Naïve opendir()/readdir()/closedir() -based implementations almost never handle the cases where directories or files are moved, renamed, or deleted during the tree traversal, whereas nftw() should handle them gracefully.
As an example, consider the following C program that lists the directory tree starting at the current working directory, or at each of the directories named on the command line, or just the files named at the command line:
/* We want POSIX.1-2008 + XSI, i.e.
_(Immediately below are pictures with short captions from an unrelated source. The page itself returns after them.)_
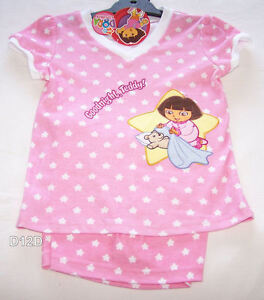 Dora The Explorer Girls Pink White Stars Embroidered Pyjama Set Size 5 Marked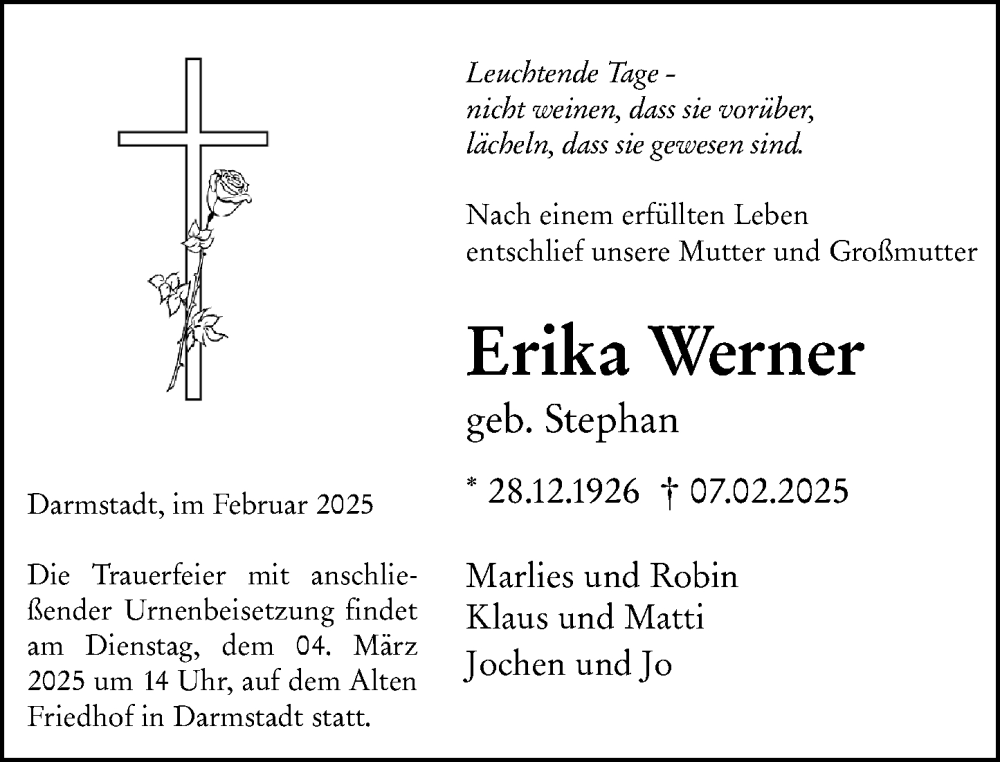  Traueranzeige für Erika Werner vom 15.02.2025 aus Odenwälder Echo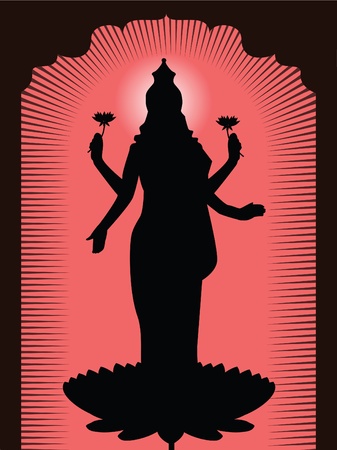 Hindu God Lakshmiのイラスト素材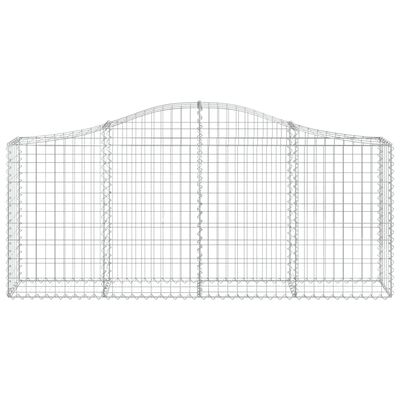 vidaXL Arched Gabion Baskets 5 pcs 200x30x80/100 cm Galvanised Iron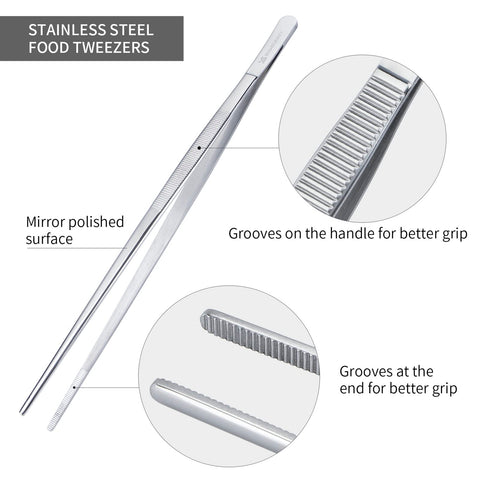 MSY BIGSUNNY tweezers shown for grilling and flipping on a barbecue.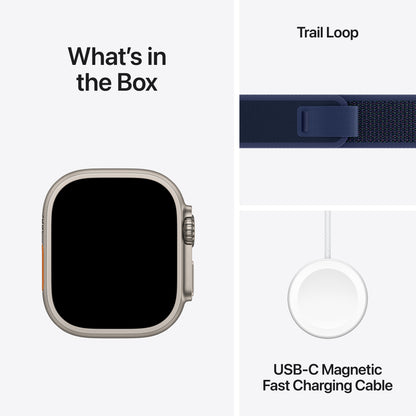 Pre-booking Apple Watch Ultra 2 GPS + Cellular 49mm Natural Titanium Case with Blue Trail Loop - M/L, MX4L3QA/A, Delivery from 20th Sep'24 onwards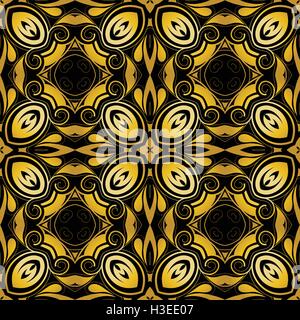 Goldene ornamentalen Hintergrund auf schwarz Stock Vektor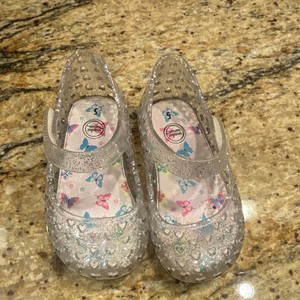 Wonder Nation Girls Clear Glitter Heart Mary Jane Shoes Size 5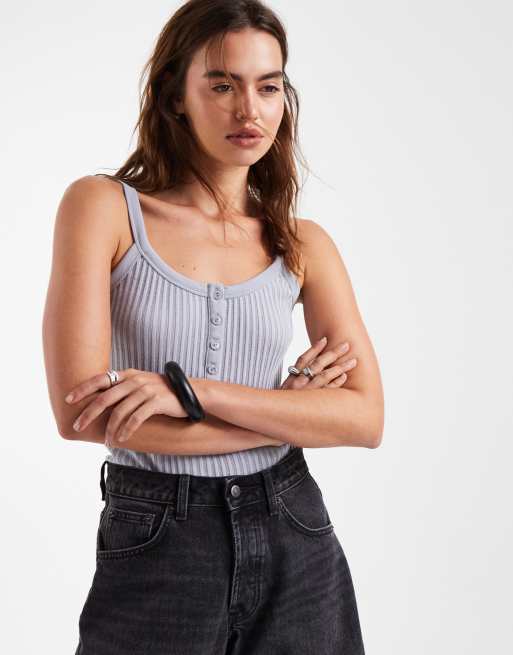 & Other Stories - Canotta taglio lungo grigio chiaro a coste con bottoni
SuSv4, features */
#define _XOPEN_SOURCE 700
/* Added on 2017-06-25:
If the C library can support 64-bit file sizes
and offsets, using the standard names,
these defines tell the C library to do so. */
#define _LARGEFILE64_SOURCE
#define _FILE_OFFSET_BITS 64
#include <stdlib.h>
#include <unistd.h>
#include <ftw.h>
#include <time.h>
#include <stdio.h>
#include <string.h>
#include <errno.h>
/* POSIX.1 says each process has at least 20 file descriptors.
* Three of those belong to the standard streams.
* Here, we use a conservative estimate of 15 available;
* assuming we use at most two for other uses in this program,
* we should never run into any problems.
* Most trees are shallower than that, so it is efficient.
* Deeper trees are traversed fine, just a bit slower.
* (Linux allows typically hundreds to thousands of open files,
* so you'll probably never see any issues even if you used
* a much higher value, say a couple of hundred, but
* 15 is a safe, reasonable value.)
*/
#ifndef USE_FDS
#define USE_FDS 15
#endif
int print_entry(const char *filepath, const struct stat *info,
const int typeflag, struct FTW *pathinfo)
{
/* const char *const filename = filepath + pathinfo->base; */
const double bytes = (double)info->st_size; /* Not exact if large! */
struct tm mtime;
localtime_r(&(info->st_mtime), &mtime);
printf("%04d-%02d-%02d %02d:%02d:%02d",
mtime.tm_year+1900, mtime.tm_mon+1, mtime.tm_mday,
mtime.tm_hour, mtime.tm_min, mtime.tm_sec);
if (bytes >= 1099511627776.0)
printf(" %9.3f TiB", bytes / 1099511627776.0);
else
if (bytes >= 1073741824.0)
printf(" %9.3f GiB", bytes / 1073741824.0);
else
if (bytes >= 1048576.0)
printf(" %9.3f MiB", bytes / 1048576.0);
else
if (bytes >= 1024.0)
printf(" %9.3f KiB", bytes / 1024.0);
else
printf(" %9.0f B ", bytes);
if (typeflag == FTW_SL) {
char *target;
size_t maxlen = 1023;
ssize_t len;
while (1) {
target = malloc(maxlen + 1);
if (target == NULL)
return ENOMEM;
len = readlink(filepath, target, maxlen);
if (len == (ssize_t)-1) {
const int saved_errno = errno;
free(target);
return saved_errno;
}
if (len >= (ssize_t)maxlen) {
free(target);
maxlen += 1024;
continue;
}
target[len] = '\0';
break;
}
printf(" %s -> %s\n", filepath, target);
free(target);
} else
if (typeflag == FTW_SLN)
printf(" %s (dangling symlink)\n", filepath);
else
if (typeflag == FTW_F)
printf(" %s\n", filepath);
else
if (typeflag == FTW_D || typeflag == FTW_DP)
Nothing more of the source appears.